Упала на пол разрезанная куртка, и Надя увидела его спину в страшных бороздах царапин, отекшее, багровое плечо, видно, выбитое из сустава.
— Митя, как же это? Милый мой Митя…
Горькая улыбка шевельнула его запекшиеся губы:
— Опять подвел тебя. А что поделать? Не сердись. Но я уложил его. Трудно поверить, да и жалко…
— Митя, как ты так можешь? — Надя содрогнулась всем телом, — леденеет сердце от одной мысли, чем могло все это кончиться…

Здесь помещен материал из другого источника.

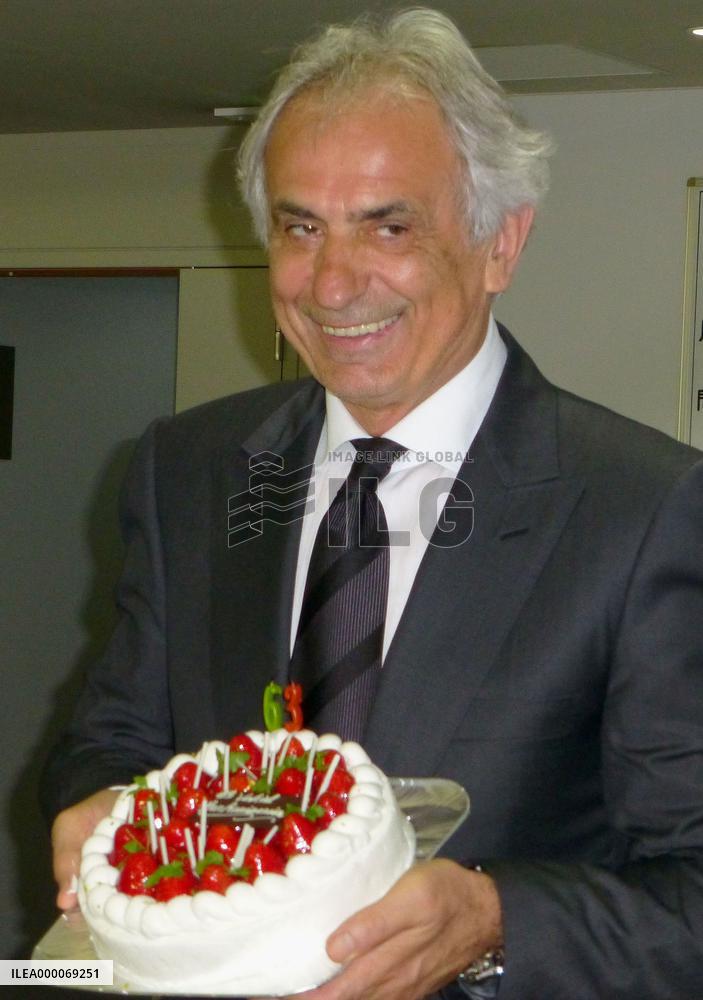Japan coach Halilhodzic turns 63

— Ты насовсем? — спросил он, медленно облизав распухшие, в струпьях, губы, и глаза его непривычно насторожились.
— Насовсем. Я приступила к делам.
— Хорошо… А я волновался… Андрей рассказал о Жогине. Ты мне почему-то не написала. Тяжело было пережить?
— Мучительно, Митя.
Он взял ее руку и молча пожал. Это как бы вернуло Наде прежнюю решительность, и, оглянувшись на плачущую Лизу, она строго приказала:
— Чего ждешь? Быстро противостолбнячную сыворотку! Вызови Таню Заикину. Срочно рентгенообзор грудной клетки, позвоночника, левой руки.
Наде странно и больно было видеть, как Лиза, не переставая всхлипывать, подошла к Дмитрию и скомканной марлей вытерла ему потный лоб.
Он лежал на топчане на боку, лицом к жене, сидящей возле него на табурете. Светлая щетина бороды, ввалившиеся, с лихорадочным блеском глаза, потерявшие юношескую припухлость, сильно изменили его. Это был он и не он. Доверчивость и мягкость его черт будто кто подменил суровой решительностью… И что-то дрогнуло в ее душе, заныло. В самые страшные испытания жизни никогда этого не случалось с ней: она испугалась. «Он один на свете, Дмитрий… Другого не будет…»
— Митя, я люблю тебя, люблю, — вырвалось у нее. Это неожиданное для нее самой признание опять подтолкнуло ее к действию, и она строго приказала: — Лиза, пенициллин! Быстрее, ну что ты, право… Позови Манефу. Ах да, Манефы нет. Как же нет?.. — И попросила резко: — Дай шприц! — Она ввела ему пенициллин, отнесла и бросила шприц в кипящую ванночку, вернулась, села на табурет.
— У тебя такая мягкая борода, — заговорила она уже спокойным голосом, гладя его щеку. — Ты такой красивый. Настоящий лесной капитан, Митя!
Она говорила эти слова, а руки ее с необыкновенным вниманием и чуткостью ощупывали его шею, ключицу, позвоночник. Как всегда, уверенно, профессионально-привычно, и только слез, которые текли по ее лицу, тут никто и никогда еще не видел.